TODO: Add table of content
# MSLA PCB Exposure: KiCad → Photon Mono 4
## Why MSLA?
Using an MSLA (Masked Stereolithography Apparatus) resin printer for creating PCBs is a technique known as "Direct UV Exposure." Instead of printing a plastic part, you use the printer's LCD screen as a dynamic digital mask to cure photosensitive materials (etch resist, solder resist and silkscreen) on a copper board.

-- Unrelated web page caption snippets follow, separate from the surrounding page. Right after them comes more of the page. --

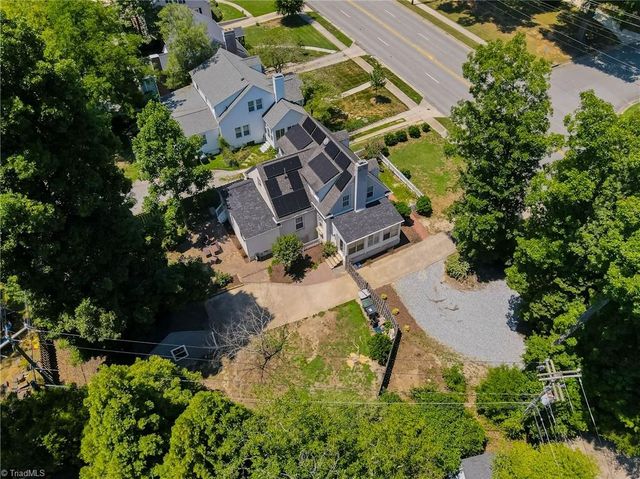 2209 W Friendly Avenue, Greensboro, NC 27403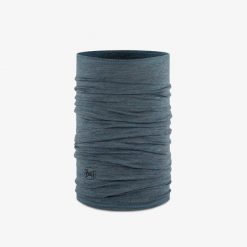 Komin chusta wielofunkcyjna z wełny merino lightweight. Niebieskie szaliki i kominy damskie Buff, na zimę, bez wzorów, z wełny. Za 110.99 zł.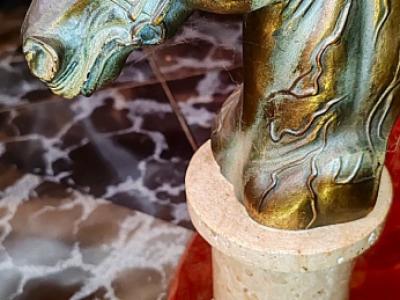 Mesita de caballo de diseño, madera, cristal, motivos de bronce, columnas de mármol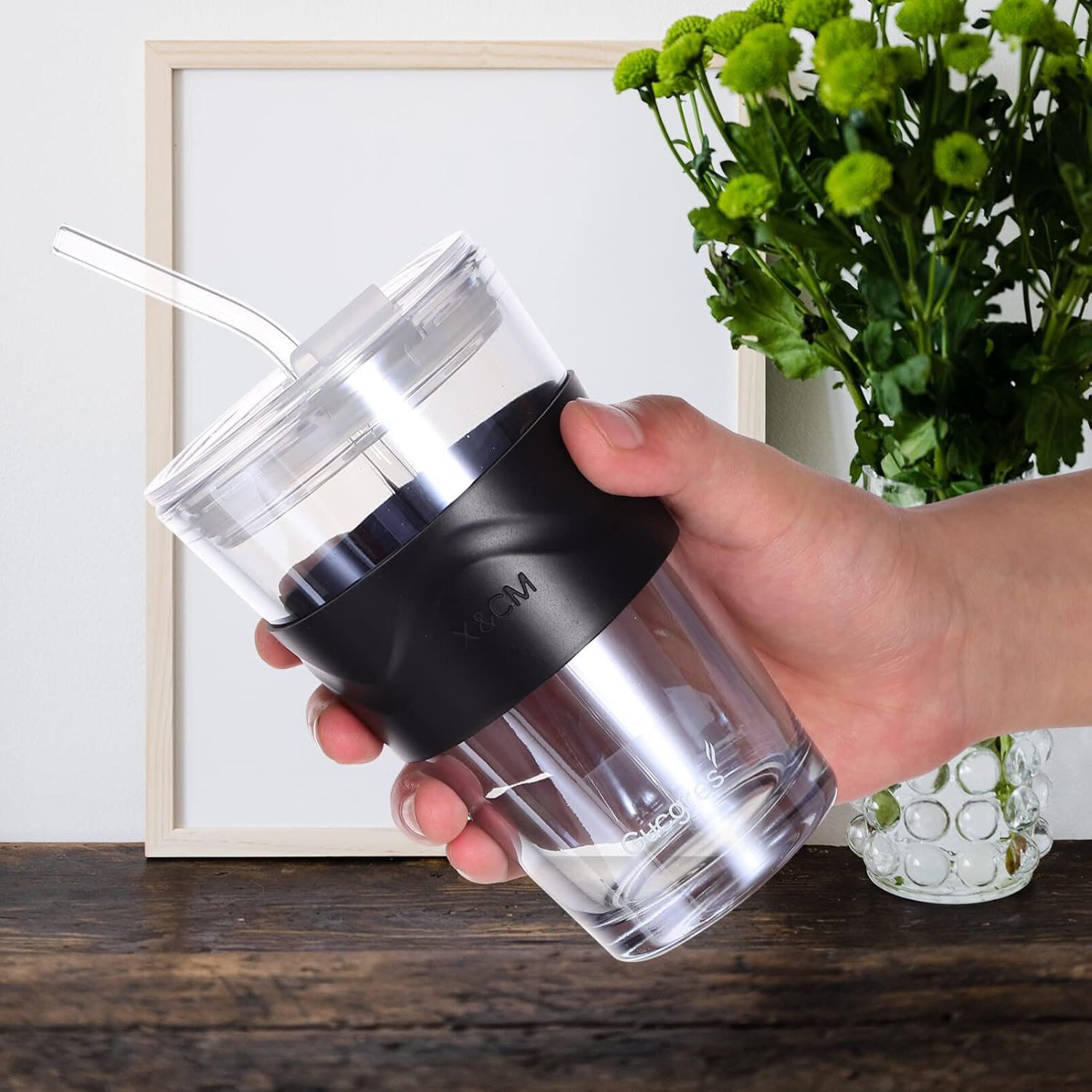 UPKOCH 2 vasos de vidrio con tapa y pajita, vaso de 16 onzas, vaso de vidrio grueso para pared con tapa sellada, tazas de café helado con funda de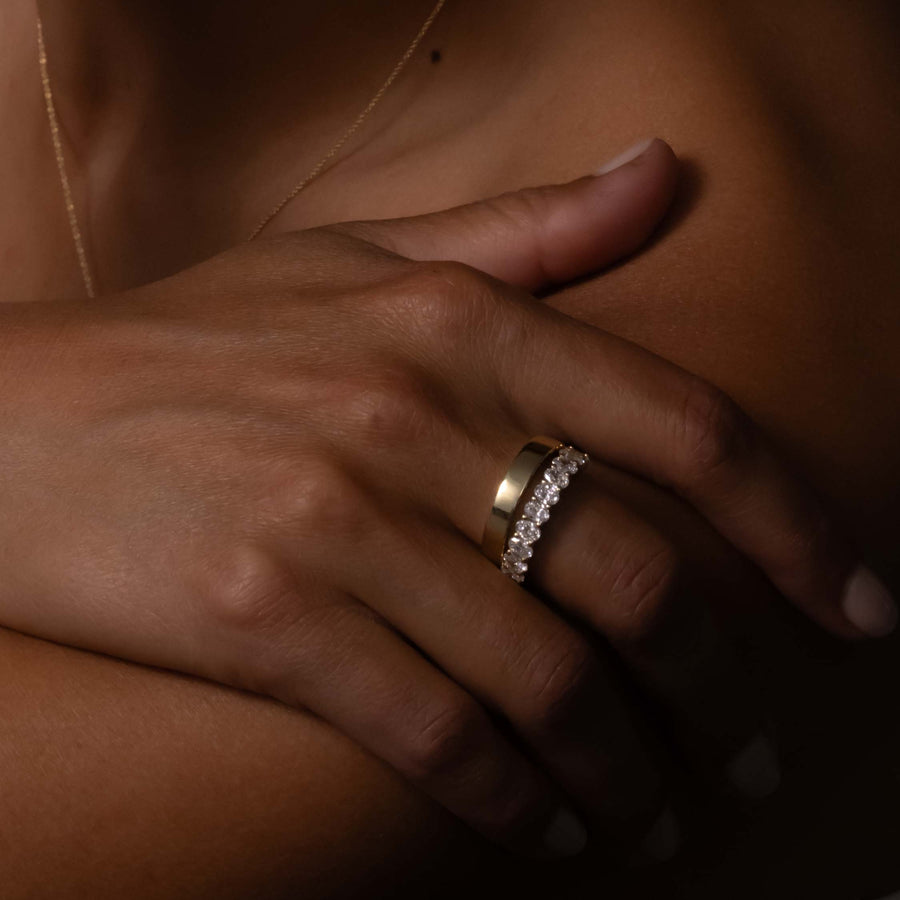 The Sloane Ring - Classic Statement Wedding Ring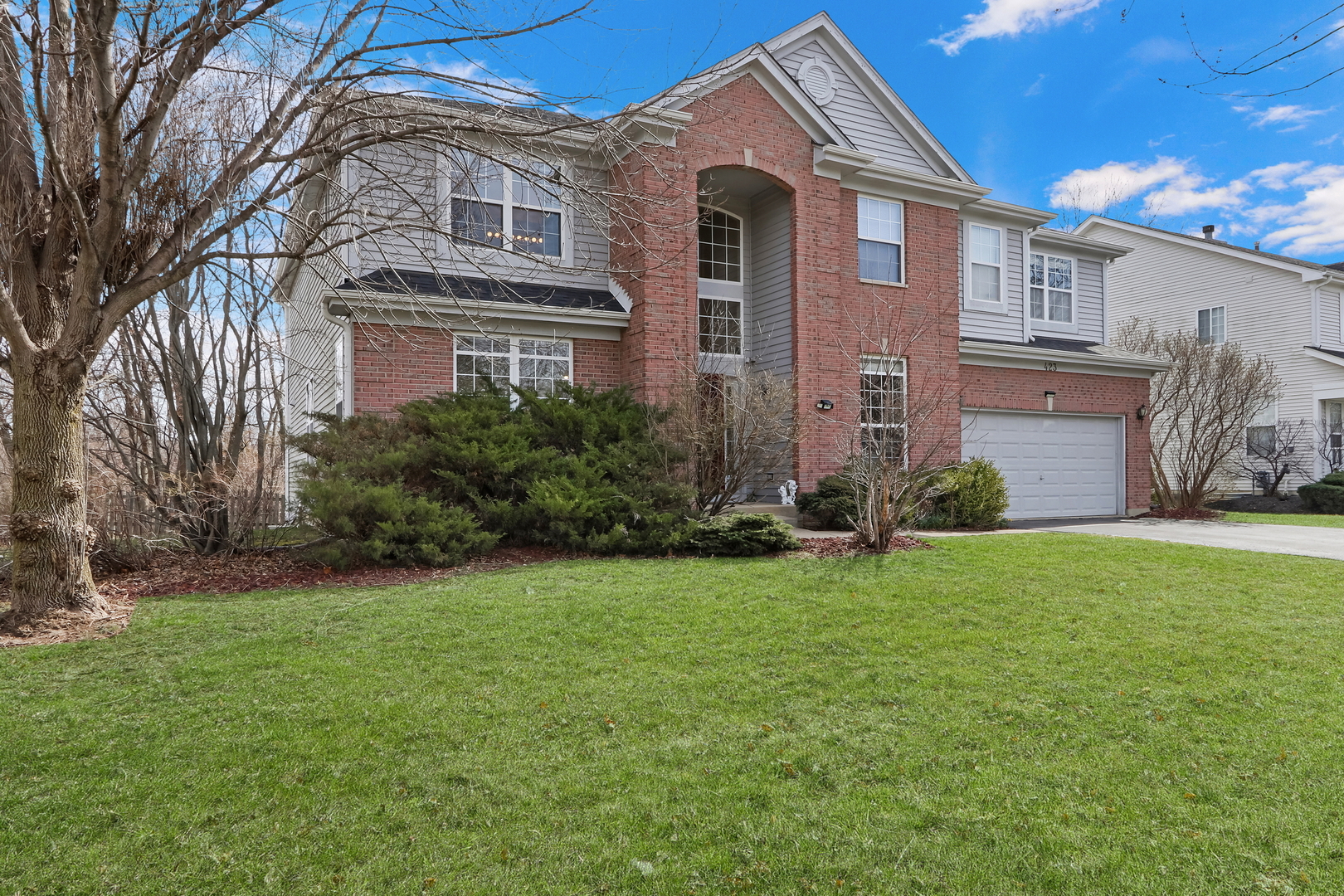 423 Old Walnut Circle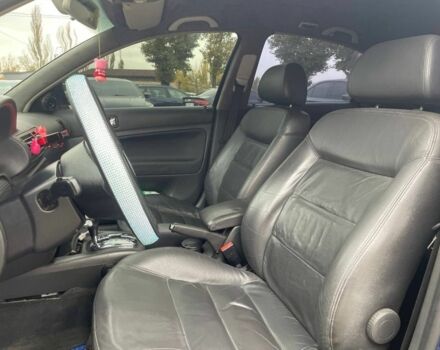 Синий Фольксваген Пассат, объемом двигателя 2.8 л и пробегом 244 тыс. км за 5400 $, фото 11 на Automoto.ua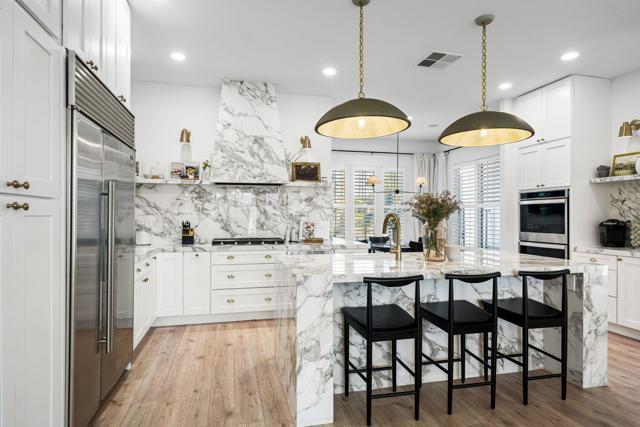 33 Calle La Reina, Rancho Mirage CA: https://media.crmls.org/mediaz/d212d792-bda9-4228-ad62-6f5653a659ee.jpg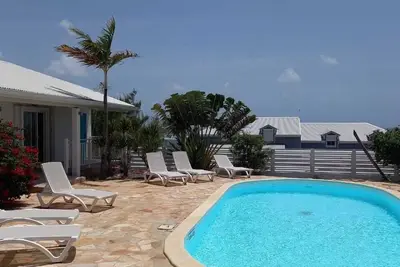 Image de Grand studio  de charme Oceane type T1  indépendant dans maison d hôtes  vue mer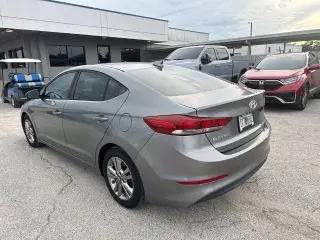Hyundai ELANTRA 2018 Edición de Valor 4p Sedan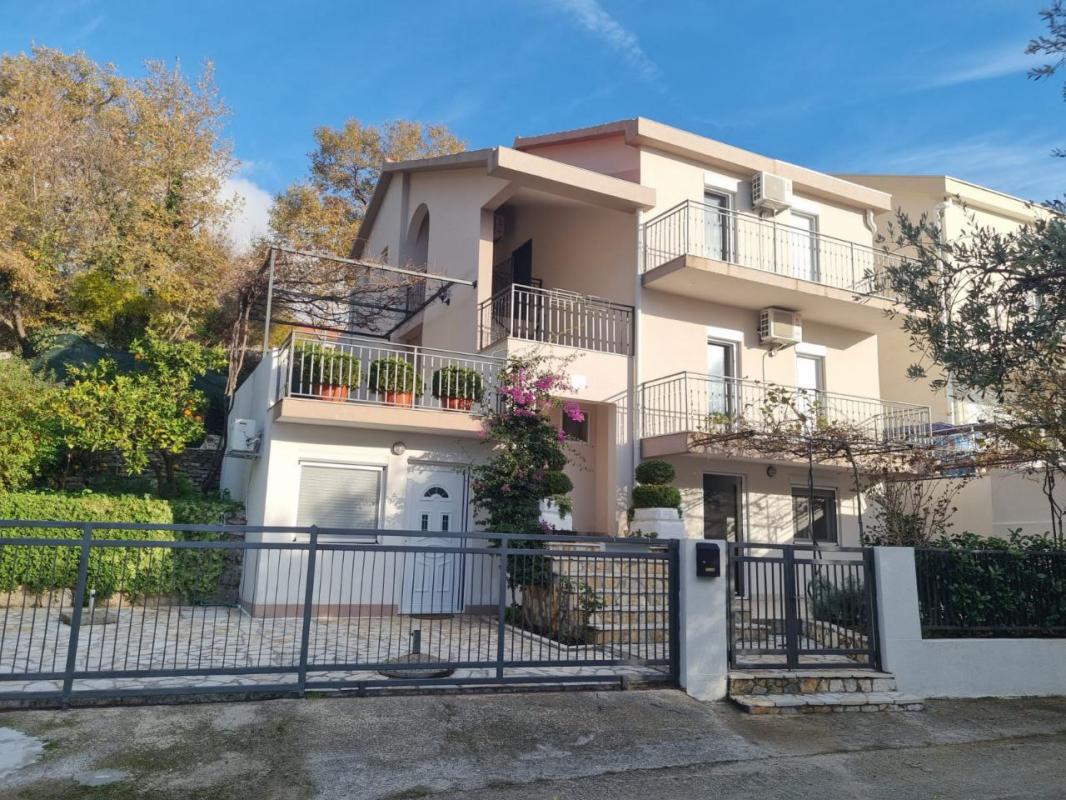 House in Petrovac, 160 m²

The "Matrix LED" ensures uniform light distribution across the entire build area. When exposing a photosensitized board, uneven lighting can cause some areas to be under-exposed (washing away traces) or over-exposed (causing traces to merge). The matrix source ensures the center and corners of your PCB receive the same energy, resulting in a reliable etch.
## The objective
KiCad PCB layers need to be converted to `.pm4n` files for direct UV exposure on an **Anycubic Photon Mono 4** (9024×5120 px, 17 µm/px, 1494.12 DPI) on the screen size of 153.408 x 87.040 mm.
## Hardware
* A resin 3D printer (e.g., Anycubic Photon Mono 4)
* Photosensitive PCB. For consistent results, a pre-sensitized board like the **Bungard positive photoresist boards** is highly recommended due to its uniform coating. A good example is [Bungard 160x100 double-sided](https://www.conrad.sk/sk/p/bungard-120306z33-zakladny-material-dvojstranna-35-m-foto-vrstva-pozitiv-d-x-s-160-mm-x-100-mm-1-ks-529176.html) 3,49 €.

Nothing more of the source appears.